A lot of people have a hard time understanding fire-rated construction and how to properly detail those types of assemblies in drawings. The code requires the assemblies to be tested, and there’s many resources—UL, Factory Mutual [now FM Approvals]—for that. Architects often refer to a listed system and add a detail on the drawings, but the detail doesn’t agree with the actual listing. So, they get dinged on the plan review.

Are design firms still following prescriptive requirements or are more attempting the performance path?
Mostly everybody follows the prescriptive path, and I think it’s partly because building departments have a hard time with anything outside of prescriptive themselves. If you start wandering off the black-and-white portion of the code, building departments are not as comfortable as I think they should be, but a lot of that comes with experience as well.

If you get a brand new inspector or plans examiner, you don’t know if they’re comfortable enough with the code yet to make those decisions. I’ve been doing this for almost 40 years, which means my consulting firm can help architects get through that and say, “Hey, here’s an idea, let’s try this.”

How can the code review process be improved upon?
My answer is more education on the code because the more people understand how the code works, the better.
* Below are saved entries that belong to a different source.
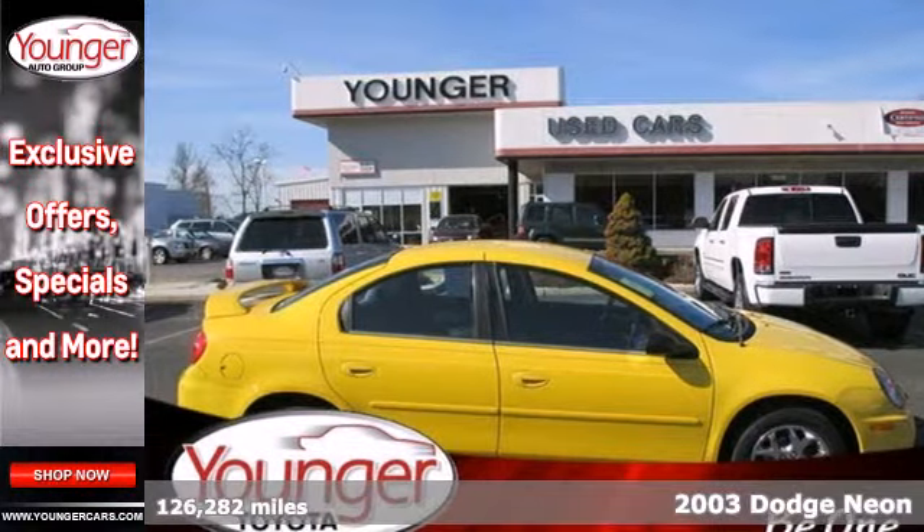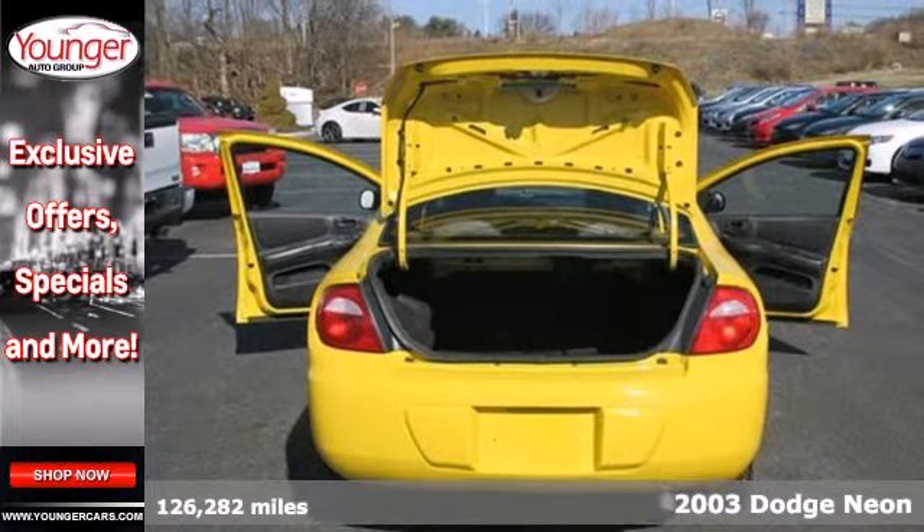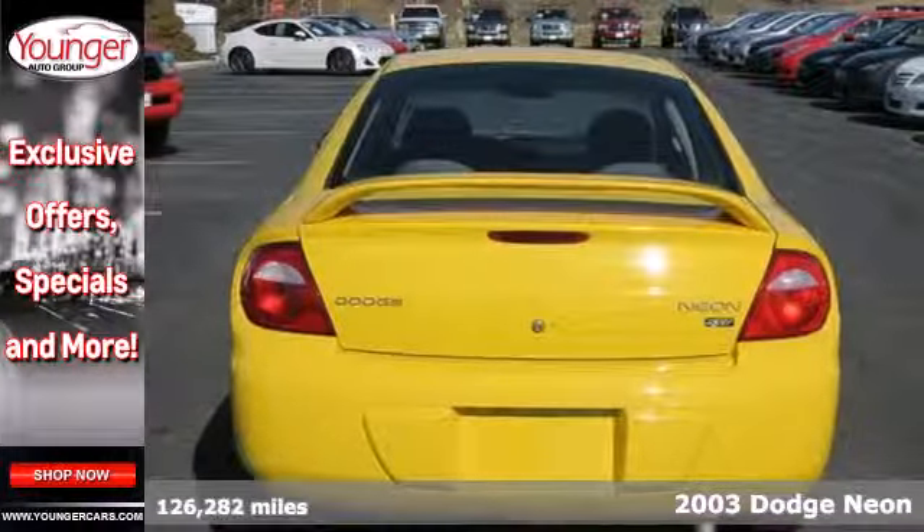Here's a 2003 Dodge Neon. Standard amenities include an anti-theft system, air conditioning, 14-inch wheels, tilt steering, and power mirrors.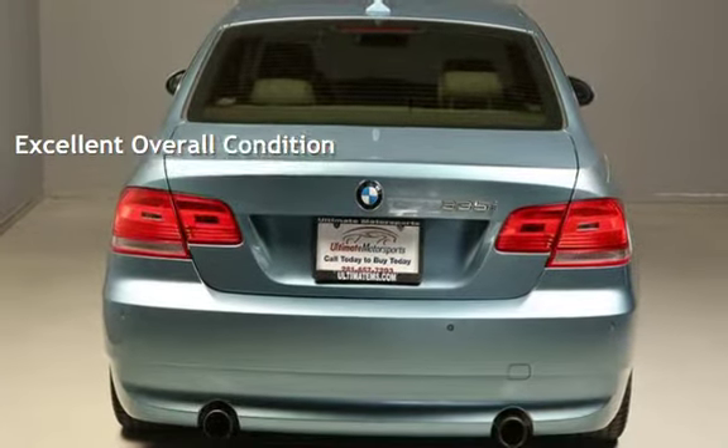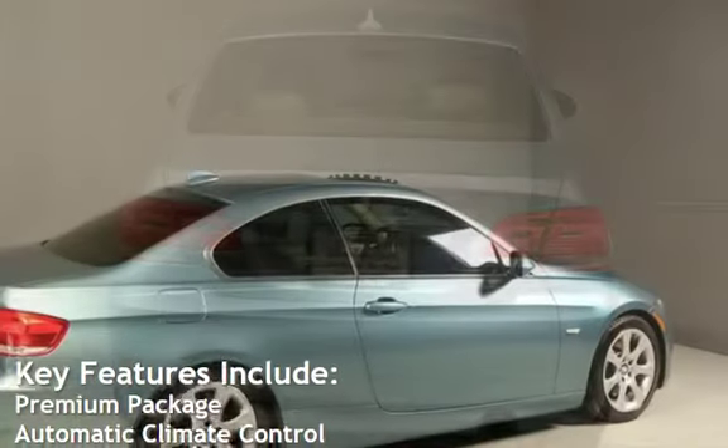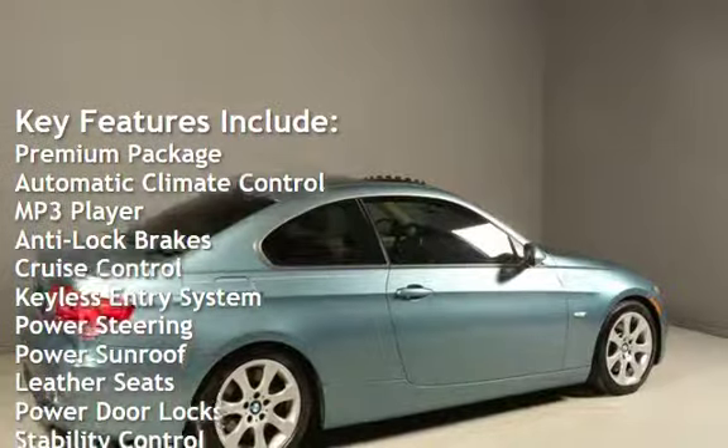Ask to see the free auto-check vehicle history report. Key features include: premium package, automatic climate control, MP3 player, and anti-lock brakes.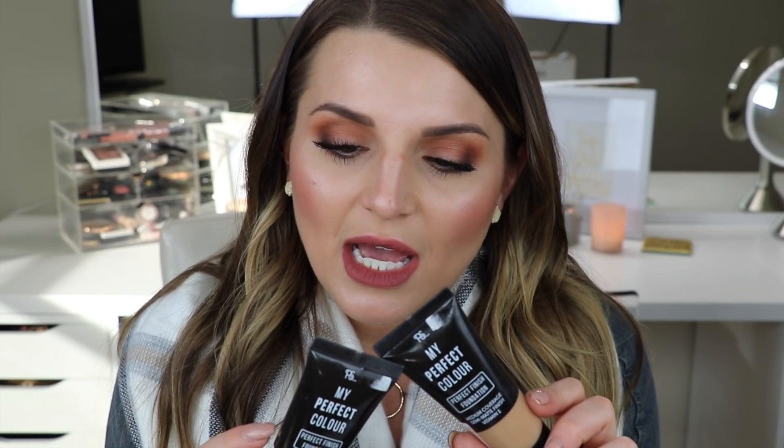The first foundation combination I've been using non-stop is the PS My Perfect Color Perfect Finish Foundation. This was sent to me by a sweet friend and subscriber in Scotland — thank you so much to Shauna. It's a medium coverage semi-matte finish foundation with vitamin E, which is perfect for dry skin. I've been mixing the shades Cool Sand and Toffee together. It's a drugstore foundation from the UK so I'm not sure where else you can get it, but I've been absolutely loving it.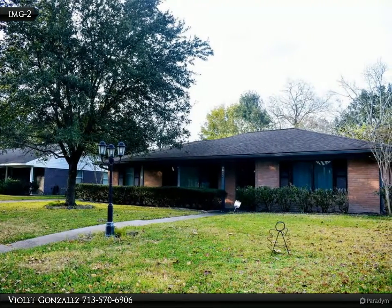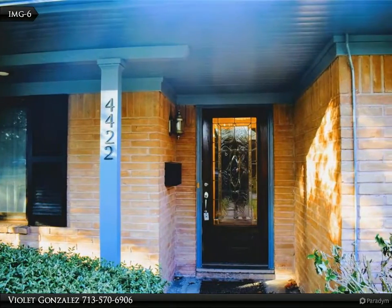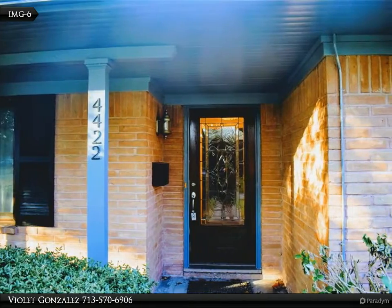Great home for a comfortable lifestyle and close to the Medical Center, gallery, and neighborhood parks. High and dry — was not flooded.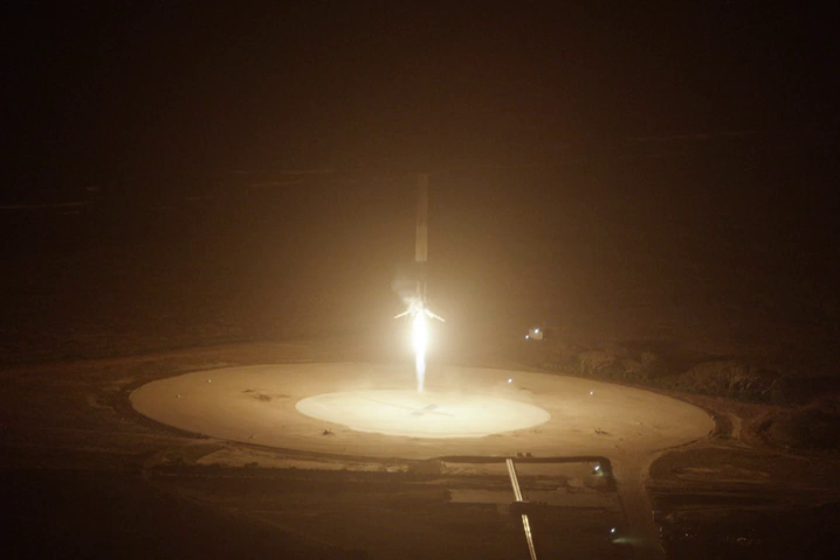Landing Zone 2 was first used by the maiden launch of Falcon Heavy on February 6, 2018, when the rocket's two side boosters touched down on LZ-1 and LZ-2.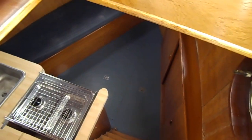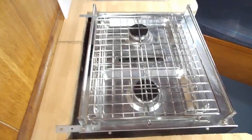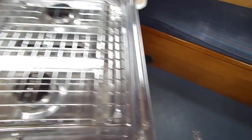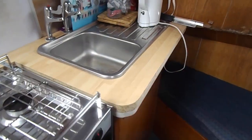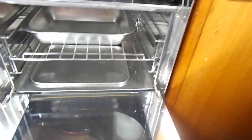Moving down into the forward cabin. Galley area: two-burner cooker, sink, under-sink storage, and a brand new cooker with oven and grill. Excellent woodwork to the ceiling and elsewhere.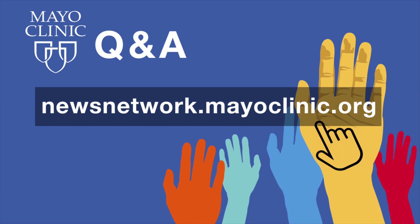Mayo Clinic Q&A is a production of the Mayo Clinic News Network and is available wherever you get and subscribe to your favorite podcasts. To see a list of all the Mayo Clinic podcasts, visit newsnetwork.mayoclinic.org, then click on podcasts. Thanks for listening and be well. Comments and questions can also be sent to mayoclinicnewsnetwork@mayo.edu.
I wish people [would] read the code and just go from there. Unfortunately, it doesn’t work that way. It takes time. That’s basically why we wrote Building Code Essentials.

I think a lot of architects are afraid to ask questions of the code official. It’s a two-edged sword because a lot of building departments don’t want to answer questions. They’ll say, “You submit what you want to do and we’ll tell you if it’s right.” Well, wait a minute. A simple answer would be a lot easier than drawing something three or four times. So, good relationships with the building departments are always a [positive] thing.

What’s your background?
I have a construction background, but I have a business degree. I served as a [public] building official for a jurisdiction for 18 years, and before that I worked for a private code consulting firm. When I left [my position with] the city, I said, “Maybe I can become a code consultant and help people understand the code and work for other jurisdictions.” I was in the right place at the right time and very lucky. Now I teach building code classes all over the country and love working with architects and helping people understand the intricacies of the code.

Note: The conversation has been edited and condensed for clarity.